### Assignment
Once the pictures are removed, restate the data below word for word.

### Data extracts
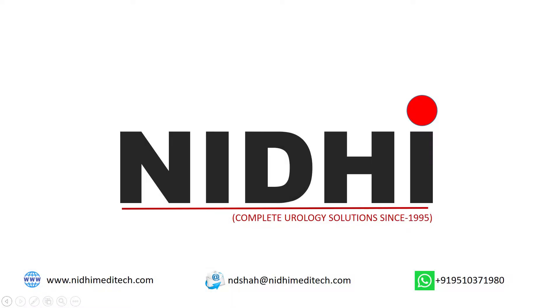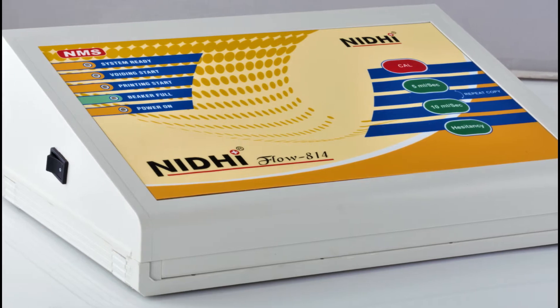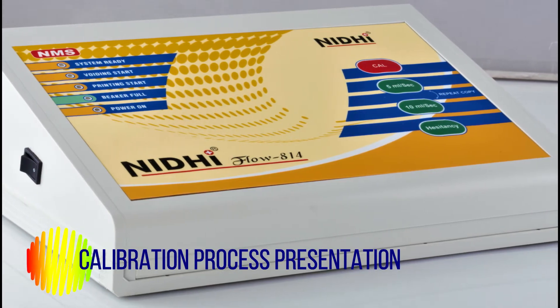Hello and welcome to Needy Group. First of all, thank you so much for choosing us and having trust in us. Here we are presenting the complete stepwise calibration process of Needy Flow 814.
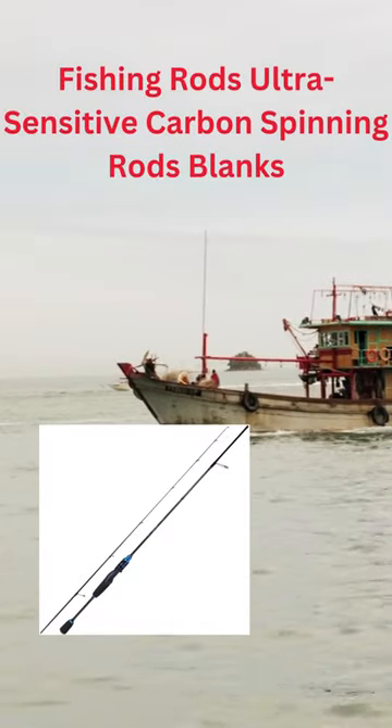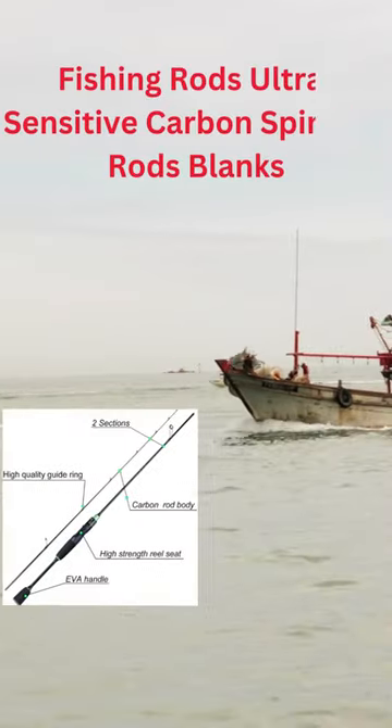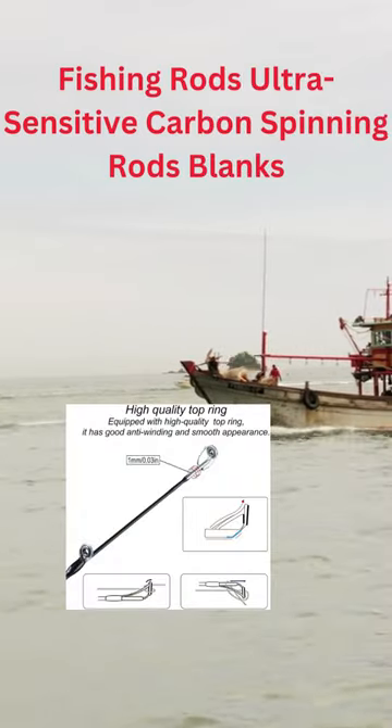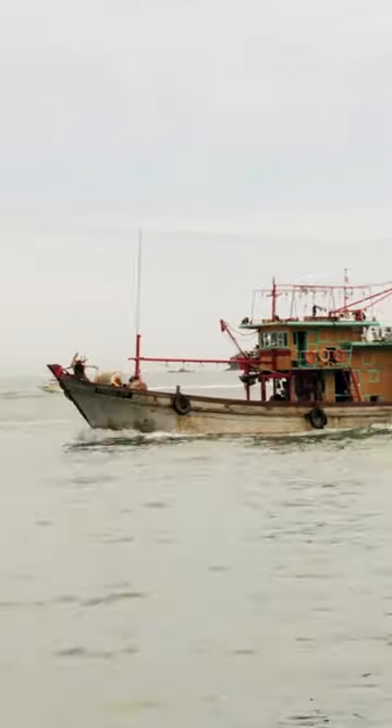Ultra Sensitive Carbon Blank: Sensitive carbon rod blanks give you a light rod ranging ultralight. The inconceivable performance rods are designed for all brackish species.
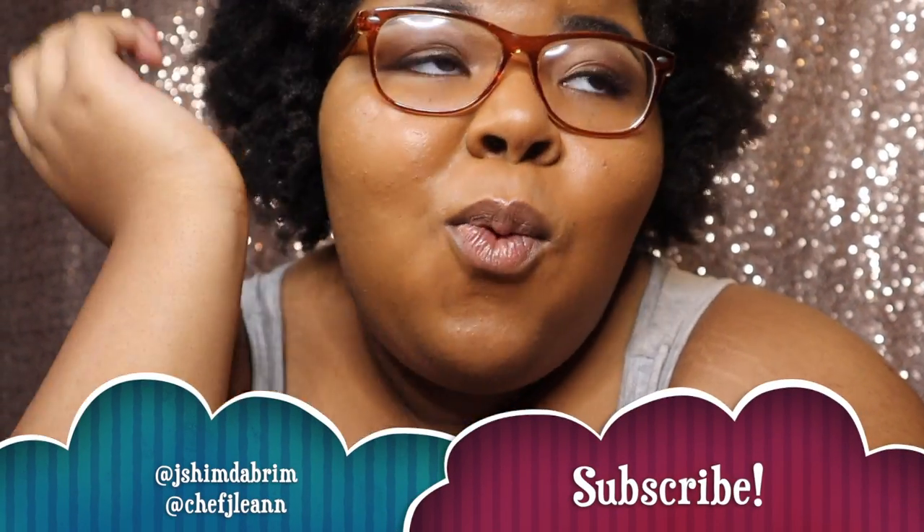Hey y'all, welcome to my channel! Today I'm doing an unboxing — well, it's not really an unboxing. I completely forgot to record myself opening it for real, so I'm kind of doing a reverse unboxing. It is a dutch oven, so I'm unboxing a dutch oven today.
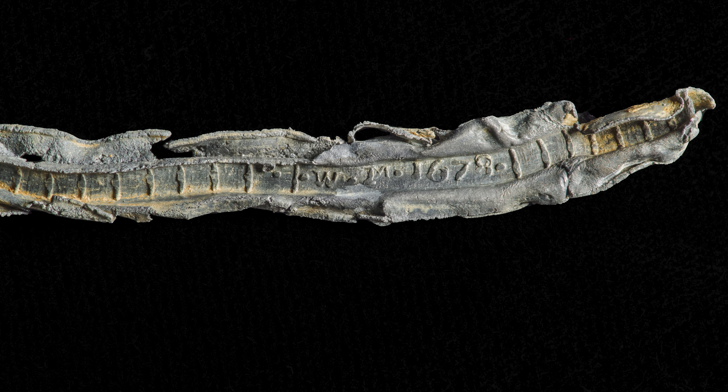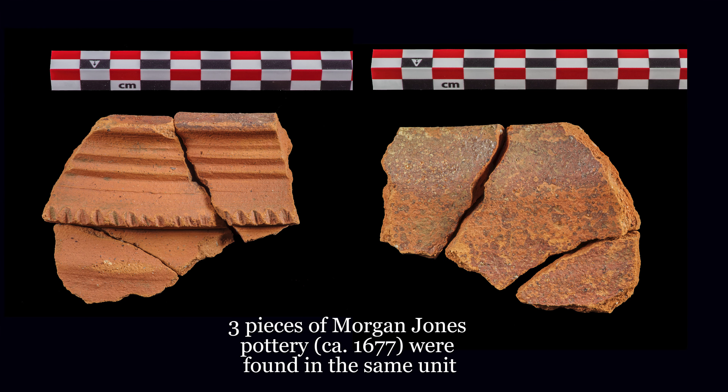Today we've looked at window leads both in windows and out of context from the archaeological site here in the conservation lab. I've showed you how we conserve them and what we're looking for — specifically initials or dates. It's very exciting because we never know what we're going to find in those window leads. Sometimes you might go through three, four, or ten pieces and not find any initials or any date at all. But we still have to look because these window leads can help date some of the features they came out of. The square that these window leads came out of, with the date on them, matches some of the artifacts that have come out of it initially — and so it's a good sign. Thank you for watching.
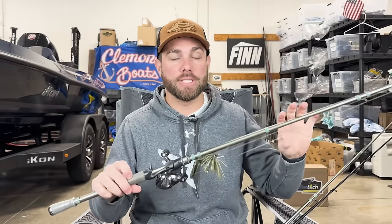Medium heavy power fits most of what bass fishermen do. For really light Texas rigs it might be a little overpowered, and if you're flipping and pitching a one-ounce weight it might not quite be enough, but this rod is still extremely versatile for both. If you don't have the budget to buy 30 different rods and just want one rod that can do it all, that's why I think a medium heavy is perfect.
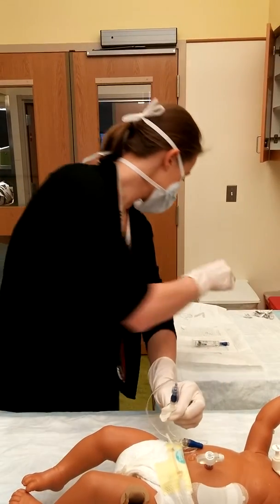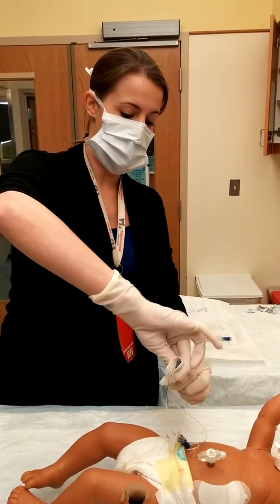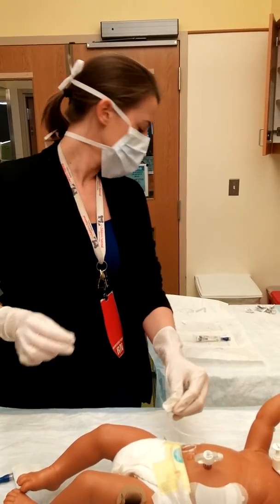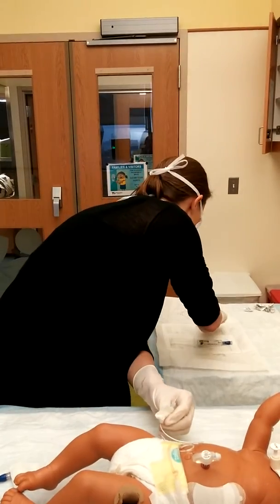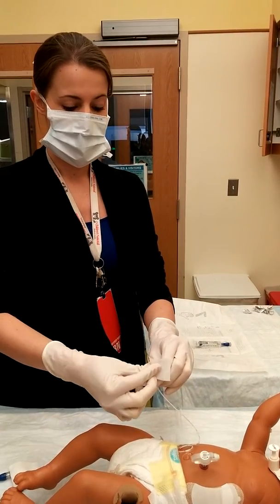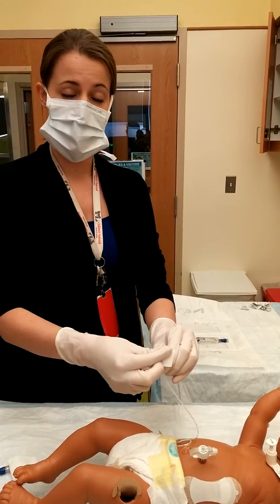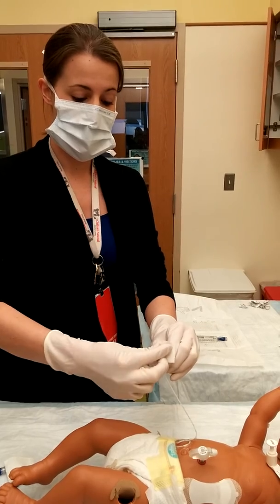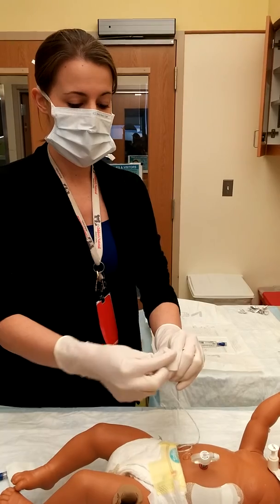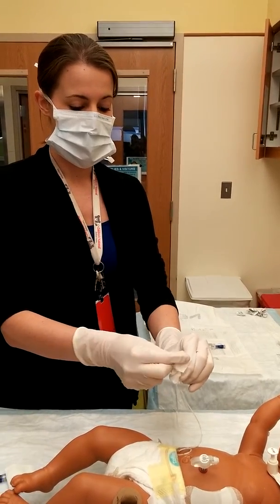Once the 30 seconds has passed, take your other sterile gauze and remove your cap. Then take your sterile CHG pad and swab and rub with friction around the hub, making sure not to introduce any chlorhexidine into the hub itself. You want to swab around the lumen, but not inside. Swab for 30 seconds using good friction.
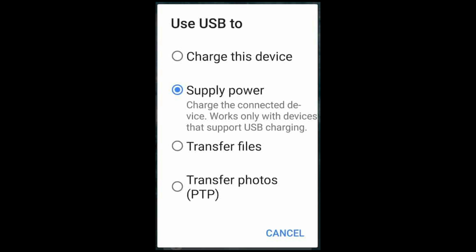In case you need it for reference, the full text of the system message is: 'Use USB to charge this device, supply power, charge the connected device.' It also says, 'Works only with devices that support USB charging. Transfer files, transfer photos, PTP,' which stands for Picture Transfer Protocol.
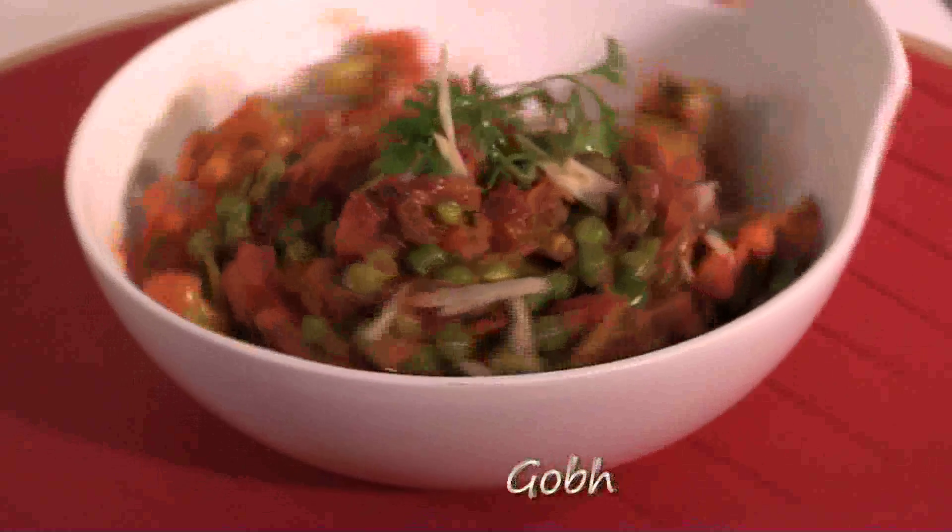This is now ready. Simple. Goes best with parathas.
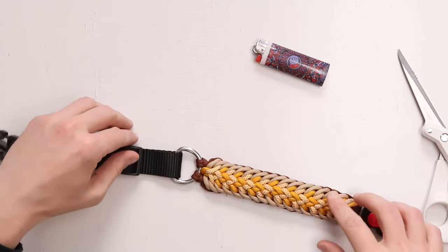Hi everyone, welcome back to Paracord Planet. Well, spring is supposed to be here, but unfortunately the weather in our area has not been cooperating. I absolutely love spring — I love being outside, I love taking my dog for a walk — but since the weather isn't so great, we kind of have to wait. In the meantime, I thought it might be fun to try my very first ever dog collar on the channel.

### Response to this exercise
Hello and welcome to Needy Group. First of all, thank you so much for choosing us and having trust in us. Here we are presenting the complete stepwise calibration process of Needy Flow 814.
Ultra Sensitive Carbon Blank: Sensitive carbon rod blanks give you a light rod ranging ultralight. The inconceivable performance rods are designed for all brackish species.
Hey y'all, welcome to my channel! Today I'm doing an unboxing — well, it's not really an unboxing. I completely forgot to record myself opening it for real, so I'm kind of doing a reverse unboxing. It is a dutch oven, so I'm unboxing a dutch oven today.
Today we've looked at window leads both in windows and out of context from the archaeological site here in the conservation lab. I've showed you how we conserve them and what we're looking for — specifically initials or dates. It's very exciting because we never know what we're going to find in those window leads. Sometimes you might go through three, four, or ten pieces and not find any initials or any date at all. But we still have to look because these window leads can help date some of the features they came out of. The square that these window leads came out of, with the date on them, matches some of the artifacts that have come out of it initially — and so it's a good sign. Thank you for watching.
Medium heavy power fits most of what bass fishermen do. For really light Texas rigs it might be a little overpowered, and if you're flipping and pitching a one-ounce weight it might not quite be enough, but this rod is still extremely versatile for both. If you don't have the budget to buy 30 different rods and just want one rod that can do it all, that's why I think a medium heavy is perfect.
Once the 30 seconds has passed, take your other sterile gauze and remove your cap. Then take your sterile CHG pad and swab and rub with friction around the hub, making sure not to introduce any chlorhexidine into the hub itself. You want to swab around the lumen, but not inside. Swab for 30 seconds using good friction.
In case you need it for reference, the full text of the system message is: 'Use USB to charge this device, supply power, charge the connected device.' It also says, 'Works only with devices that support USB charging. Transfer files, transfer photos, PTP,' which stands for Picture Transfer Protocol.
This is now ready. Simple. Goes best with parathas.
Hi everyone, welcome back to Paracord Planet. Well, spring is supposed to be here, but unfortunately the weather in our area has not been cooperating. I absolutely love spring — I love being outside, I love taking my dog for a walk — but since the weather isn't so great, we kind of have to wait. In the meantime, I thought it might be fun to try my very first ever dog collar on the channel.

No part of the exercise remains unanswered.